What this task involves>
Write out the records that appear below, verbatim and complete, but without pictures.

Recorded information>
____

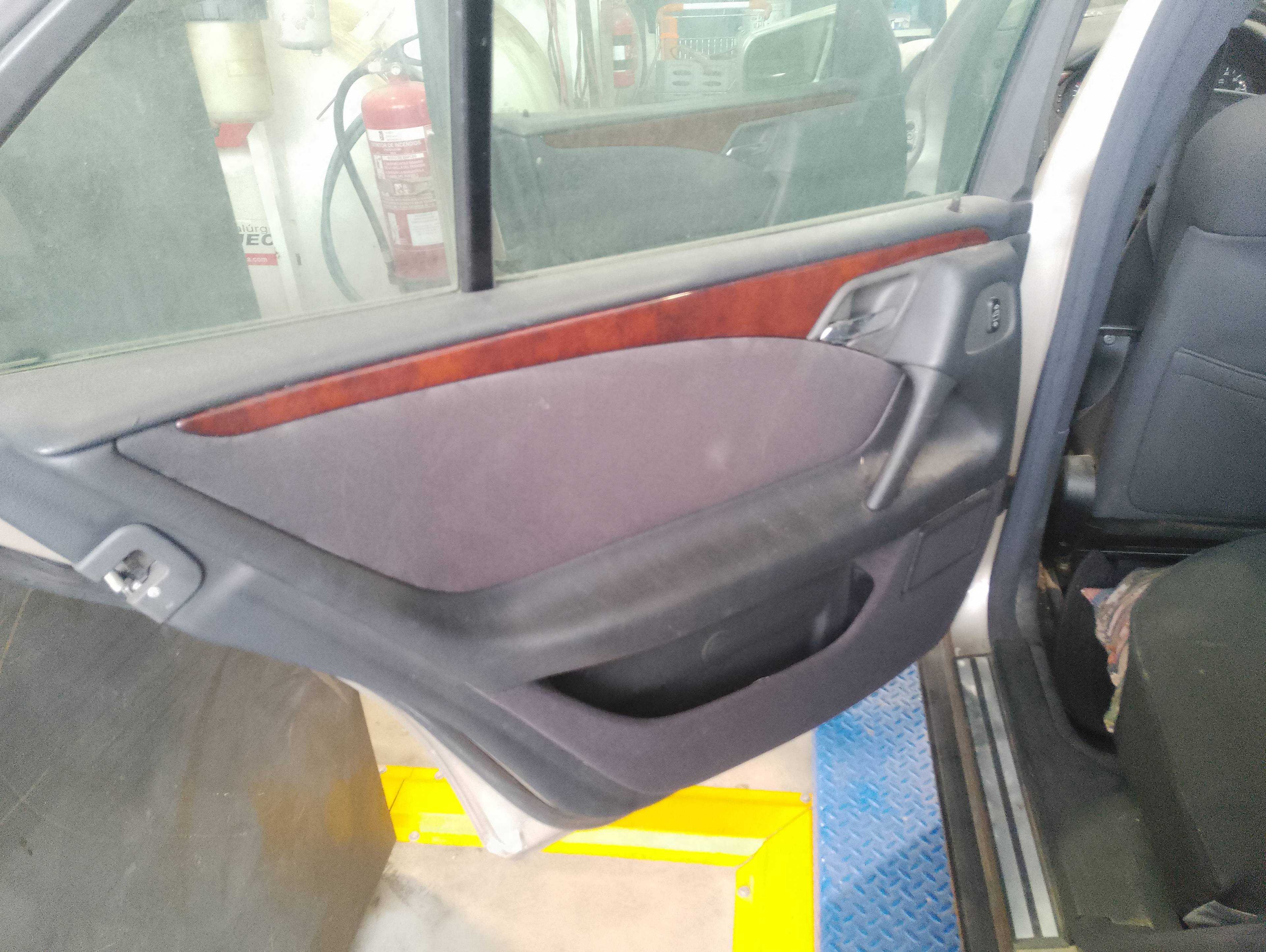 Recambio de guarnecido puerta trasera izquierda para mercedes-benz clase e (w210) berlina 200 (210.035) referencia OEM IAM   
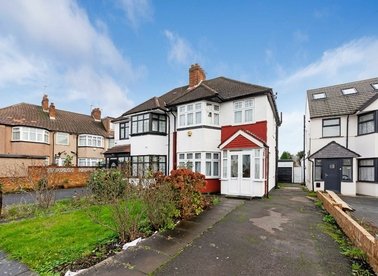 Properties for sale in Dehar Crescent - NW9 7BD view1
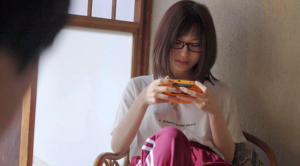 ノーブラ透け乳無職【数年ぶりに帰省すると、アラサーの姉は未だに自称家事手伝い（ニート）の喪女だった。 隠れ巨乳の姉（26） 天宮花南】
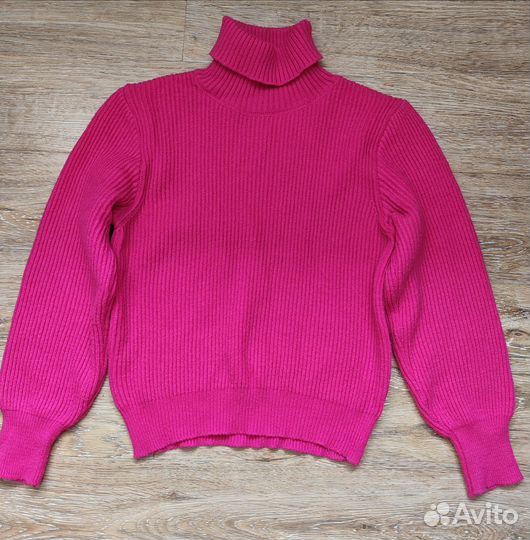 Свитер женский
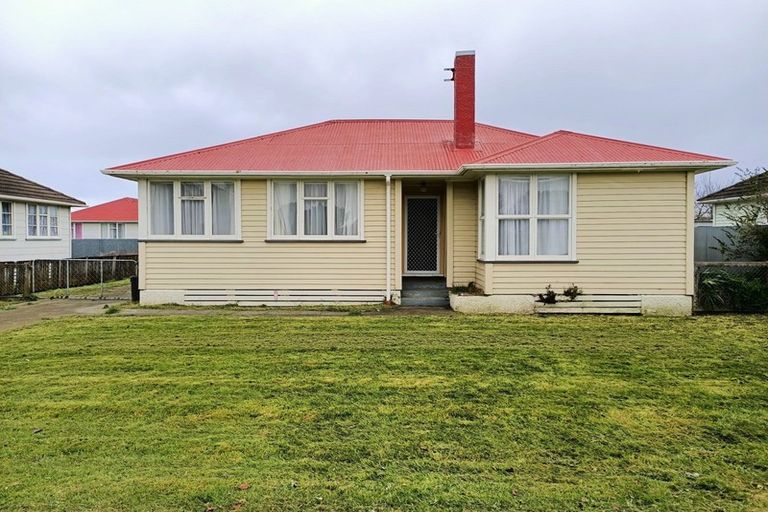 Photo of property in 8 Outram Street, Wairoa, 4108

____

Response to the task>
 Recambio de guarnecido puerta trasera izquierda para mercedes-benz clase e (w210) berlina 200 (210.035) referencia OEM IAM   
 Properties for sale in Dehar Crescent - NW9 7BD view1
 ノーブラ透け乳無職【数年ぶりに帰省すると、アラサーの姉は未だに自称家事手伝い（ニート）の喪女だった。 隠れ巨乳の姉（26） 天宮花南】
 Свитер женский
 Photo of property in 8 Outram Street, Wairoa, 4108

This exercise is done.